Each line from the one with "Back view of" through the last line below must be written out exactly. Do not copy pictures.

### DATA
____________
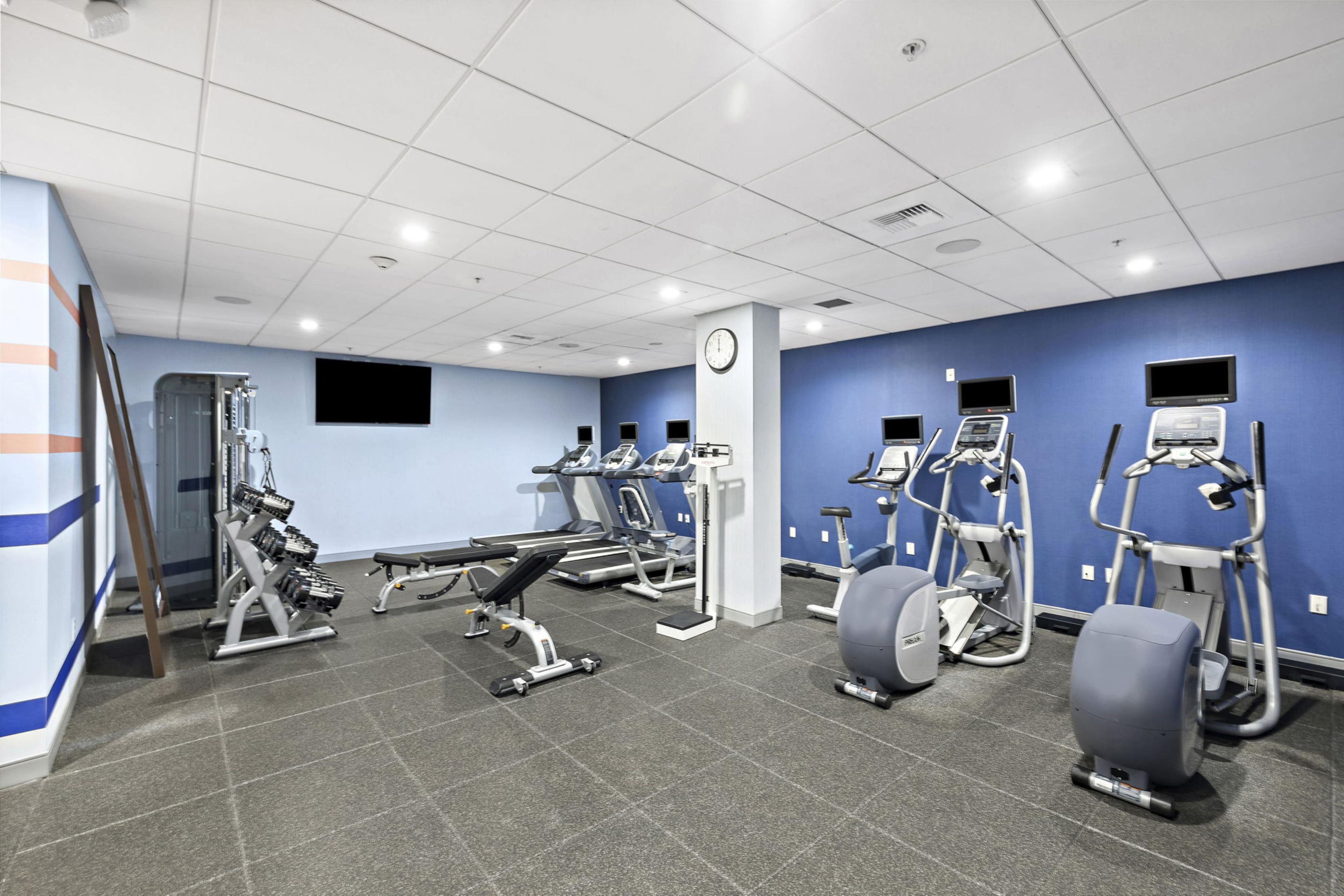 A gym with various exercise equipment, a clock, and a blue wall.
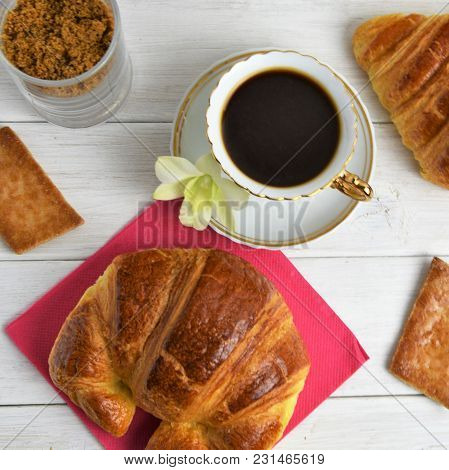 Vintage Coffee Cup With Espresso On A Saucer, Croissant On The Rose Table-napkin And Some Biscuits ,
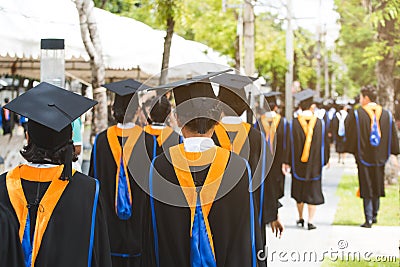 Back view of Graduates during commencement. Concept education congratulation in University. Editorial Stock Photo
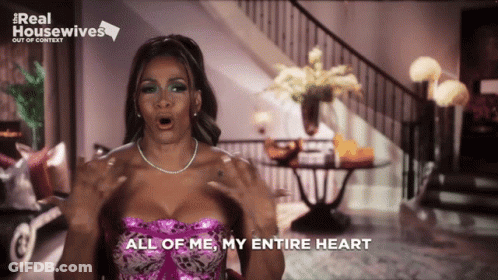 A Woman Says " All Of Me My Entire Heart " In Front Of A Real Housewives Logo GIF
____________
### WRITTEN REPLY
 Back view of Graduates during commencement. Concept education congratulation in University. Editorial Stock Photo
 A Woman Says " All Of Me My Entire Heart " In Front Of A Real Housewives Logo GIF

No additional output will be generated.